Bsp.1 Unprofessionelle Antwort vom Inhaber
Bsp.2 Unprofessionelle Antwort vom Inhaber

 

 

 

 

 

 

 

 

 

Solche Antworten auf Rezensionen wirken äußerst unprofessionell und erwecken bei zukünftigen Kund:innen keinen guten Eindruck.

Wie antworten Sie auf negatives Feedback, ohne den Ruf Ihres Unternehmens zu schädigen?

Beginnen Sie Ihre Antwort z. B. mit folgenden Sätzen:

  • „Vielen Dank für Ihr Feedback und für die Meldung des Problems“
  • „Lieber [Name], vielen Dank für Ihr Feedback. Es tut uns leid, dass Ihre Erfahrungen mit uns nicht Ihren Erwartungen entsprochen haben. Dies war ein Ausnahmefall und wir werden unser Bestes tun, um Ihr Problem zu lösen“
  • „Es tut uns sehr leid, dass Ihre Erfahrung mit uns nicht Ihren Erwartungen entsprochen hat.“
  • „Vielen Dank für Ihr Feedback. Es tut uns leid zu hören, dass unser Produkt nicht die erwartete Qualität hatte. Wir würden uns freuen, wenn wir Ihr Feedback dazu weiter untersuchen könnten.“
  • „Ihr Feedback ist für uns sehr wichtig. Wir würden es begrüßen, wenn Sie sich mit unserem Kundendienst unter [Telefonnummer] in Verbindung setzen und uns Ihre Erfahrungen mit unserem Produkt schildern würden.“.

Wann können Sie eine Bewertung als inakzeptabel markieren?

Sollte ein negativer Kommentar nicht der Wahrheit entsprechen, können Sie ihn in manchen Fällen löschen lassen. Im Folgenden finden Sie einige Arten von Feedback, die nach den Google-Regeln als inakzeptabel gelten. Wenn Sie eine dieser Arten von Bewertungen in Ihrem Unternehmensprofil finden, können Sie diese als unangemessen markieren, damit diese dann von Google entfernt werden.

Das Feedback ist für diesen Standort nicht relevant

Google möchte sicherstellen, dass die Nutzer genaue Informationen über Ihr Unternehmen erhalten. Wenn Sie einen Kommentar sehen, der in keiner Weise für Ihr Unternehmen oder Ihre Kundenerfahrung relevant ist, bitten Sie den Helpdesk, ihn zu entfernen.

Verstöße gegen das Gesetz

Sie können Bewertungen löschen lassen, die Bilder von illegalen Produkten oder Dienstleistungen enthalten.

Unangemessene Inhalte

Google wird alle Inhalte entfernen, die als unangemessen oder beleidigend angesehen werden. Wenn Sie ein solches Feedback auf Ihrem Profil bemerken, kennzeichnen Sie es sofort, um das Image Ihres Unternehmens zu schützen.

Interessenkonflikt

Google bemüht sich um Objektivität, daher sollten Sie kein Feedback über Ihr eigenes Unternehmen abgeben. Außerdem können Sie kein Feedback auf dem Profil eines Mitbewerbers hinterlassen, da dies die Rangliste zu Ihren Gunsten manipulieren könnte.
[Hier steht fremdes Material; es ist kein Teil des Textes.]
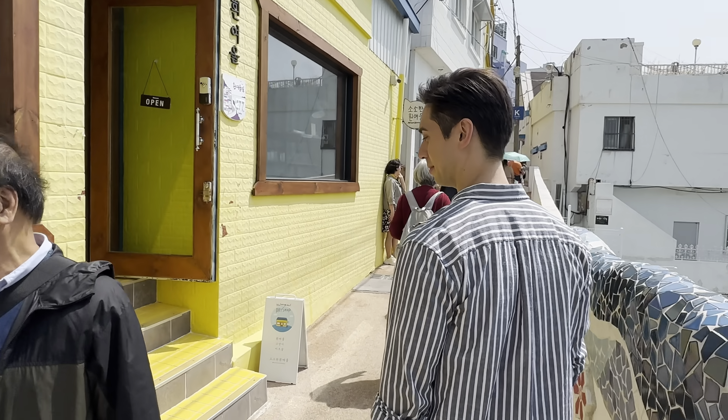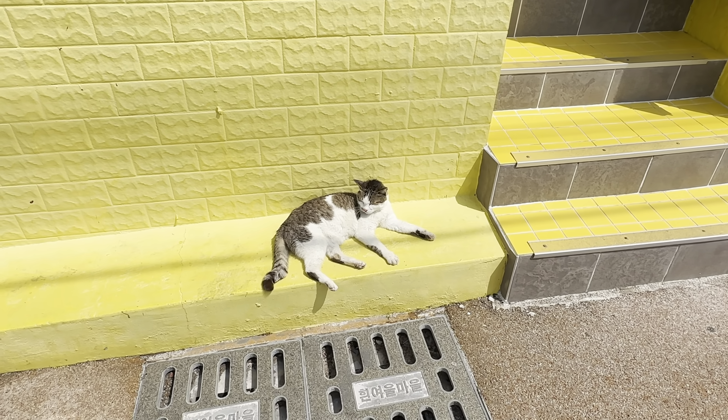This is one of the things that I love about living in Busan — they have so many of these cute little areas that you'll be able to discover, and over time you'll end up falling in love with this beautiful country.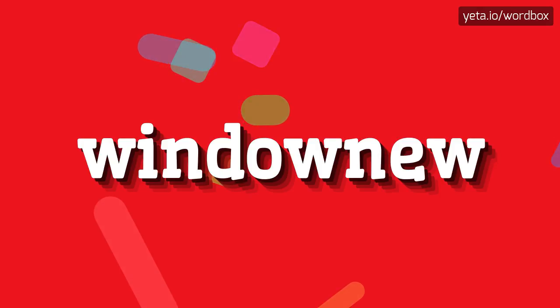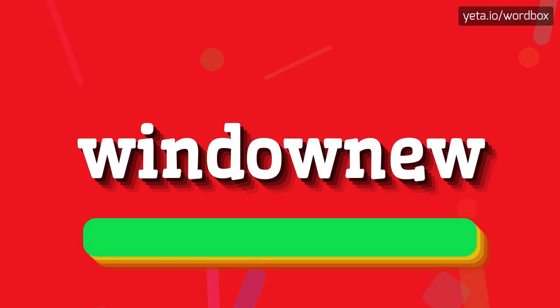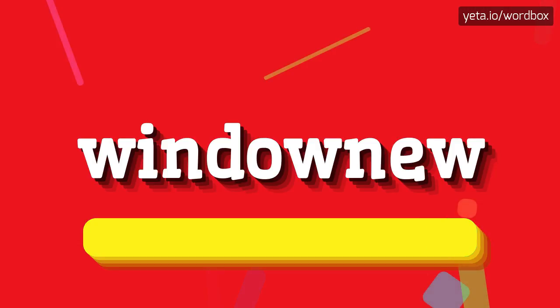Yo everyone! Thanks for tapping my video. Today I will demonstrate how to pronounce this word. The pronunciation of this word sounds like window new.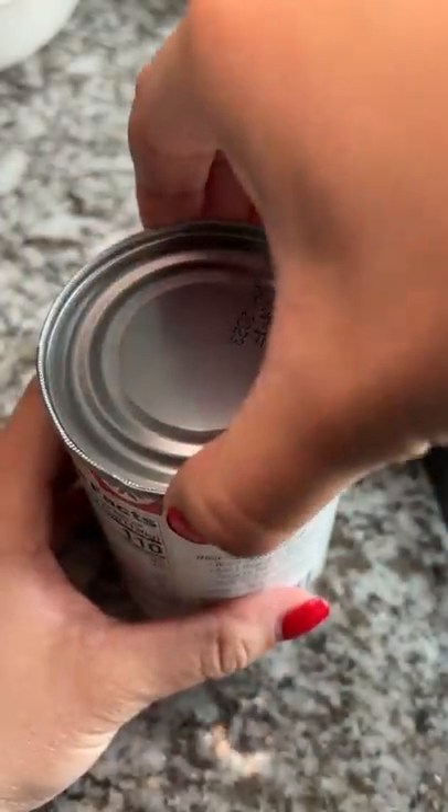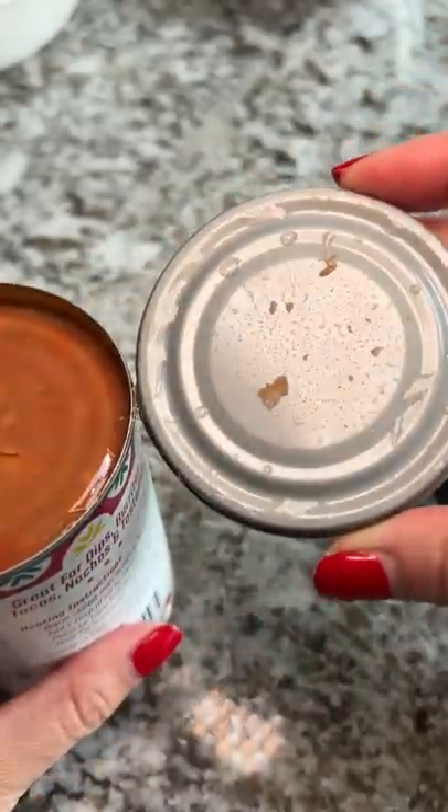Oh my god, this thing has been open, hasn't it? Oh my gosh, Lisa.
Verletzung der Privatsphäre

Google führt die Nutzer nicht in die Irre und bietet ihnen keine falschen Informationen. Aus diesem Grund sollte die Rezension nur von der Person veröffentlicht werden, die sie verfasst. Sie können sie nicht im Namen einer anderen Person veröffentlichen.

Wie unterscheidet man echte und gekaufte Bewertungen?

 Eine der häufigsten Google-Anfragen lautet: Wie und wo kann man Google Rezensionen kaufen? Da Bewertungen ein wirkungsvolles Marketinginstrument sind, gibt es leider manche Unternehmen, die Bewertungen für wenig Geld bei Freelancer-Börsen bestellen.

Das Verfassen von konfigurierten Rezensionen erfolgt in der Regel wie am Fließband: Der Autor geht nicht auf die Merkmale des Produkts ein, sondern verwendet formelhafte Formulierungen und zeigt seine Emotionen zu offensichtlich, ohne sie mit Fakten zu untermauern.

So erkennen Sie gekaufte Rezensionen:

Langer Text

Achten Sie auf das Verhältnis von Produkt und Länge des Textes. Es ist unwahrscheinlich, dass sich der Käufer eines Topfes 20 Minuten Zeit nimmt und 3000 Zeichen schreibt, um ausführlich über seine Erfahrungen zu berichten. Autoren werden für die Anzahl der Zeichen bezahlt – mehr Text gibt also mehr Geld. Ausnahmen für umfangreiche Rezensionen gelten nur in den Bereichen Recht, Medizin und Psychologie.

Begeisterungsgrad

Ausdrücke wie „entzückend“, „ausgezeichnet“, „überaus glücklich“ rufen Misstrauen hervor. Nur wenige Menschen können sich derart für Produkte begeistern, die wir täglich verwenden, ohne ihnen viel Aufmerksamkeit zu schenken.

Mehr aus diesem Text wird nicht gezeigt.